With President Obama's legislative victories behind him including health care, repeal of "don't ask don't tell," an arms treaty, tax rate deal, he's vowed to have a laser-like focus on the economy in the coming year...again.
At a press conference Wednesday before heading to Hawaii for a Christmas vacation he said, "And my singular focus over the next two years is not rescuing the economy from potential disaster, but rather jumpstarting the economy so that we actually start making a dent in the unemployment rate and we are equipping ourselves so that we can compete in the 21st century."
He also made similar statements in the past.
In April of this year, he said: "So while today's GDP report is an important milepost on our road to recovery, it doesn't mean much to an American who has lost his or her job and can't find another. For millions of Americans -- our friends, neighbors, and fellow citizens ready and willing to get back to work -- "you're hired" is the only economic news they're waiting to hear. And they are why the work of moving this economy forward remains our focus every single day."
And in November 2009, "So those are the discussions we're going to be having, not just today but in the weeks and months to come. This is my administration's overriding focus. Having brought the economy back from the brink, the question is how are we going to make sure that people are getting back to work and able to support their families."
He did note, it may not happen all that quickly. "It's not going to happen overnight, but we will not rest until we are succeeding in generating the jobs that this economy needs."
Those are just a couple of samples of the language the president has used in the administration focus on the economy and jobs.

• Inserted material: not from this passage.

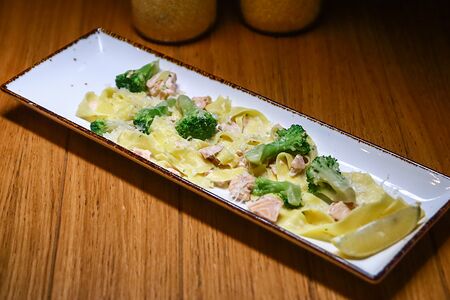 Паппарделле с лососем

Yet he seems to still take time to weigh on his other policy agendas, like health care, the DREAM Act (which didn't pass this year), and other legislative items.
And then there are always the breaking interruptions like the BP Oil Spill or scheduled distractions like the midterm elections.

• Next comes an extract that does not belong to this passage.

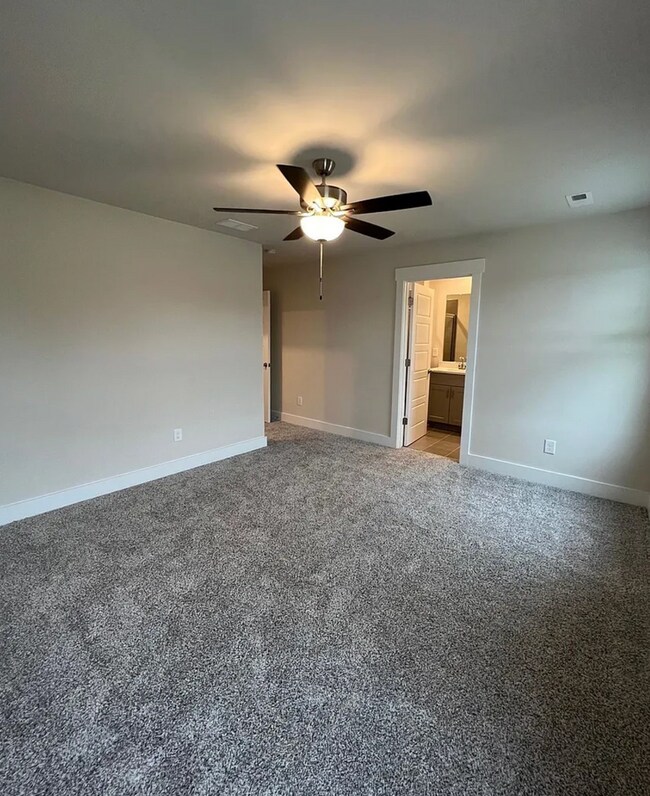 Building Photo - Desirable 3/2.5 Townhome Available Novembe...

In June during the oil spill crisis, White House Press Secretary Robert Gibbs noted that presidents can multi-task. "But the American people don't elect somebody I think that they don't believe can walk and chew gum at the same time. Sometimes it feels like we walk and chew gum and juggle on a unicycle all at the same time. I get that." In fact Gibbs and Obama have both wanted to point out to critics, particularly on the left who say they haven't done enough or caved too much, that they have been able to accomplish a lot and essentially should tone down the whining.
As president he of course is expected to do some multi-tasking, juggling security, overseas trips, and domestic policy.

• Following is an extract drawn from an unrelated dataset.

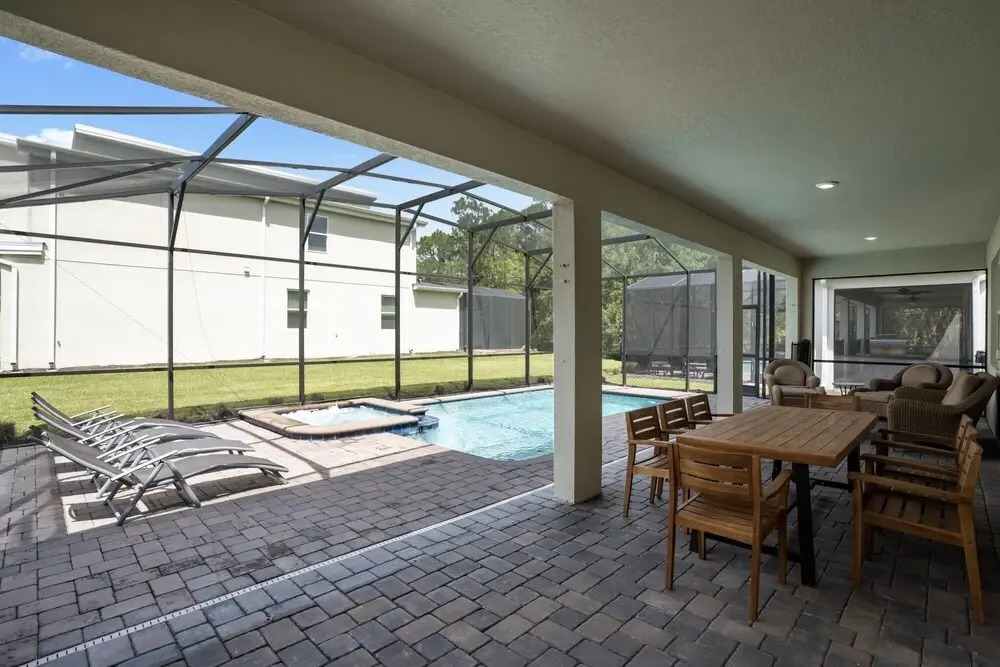 New Home at Storey Lake 8 Bedrooms and 5 Bathrooms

Critics have charged that he shouldn't have put so much energy into things like health care which dominated his first year in office.
Of course there was the tax cut compromise, which did deal directly with the economy. And the president spent a good chunk of time on the road on his backyard touring - listening to average Americans about their concerns.
In 2011 the president has vowed to be honing in on the economy, but he has already stated that things like bringing up the DREAM act, dealing with Guantanamo Bay Detainees are on his to-do list as well.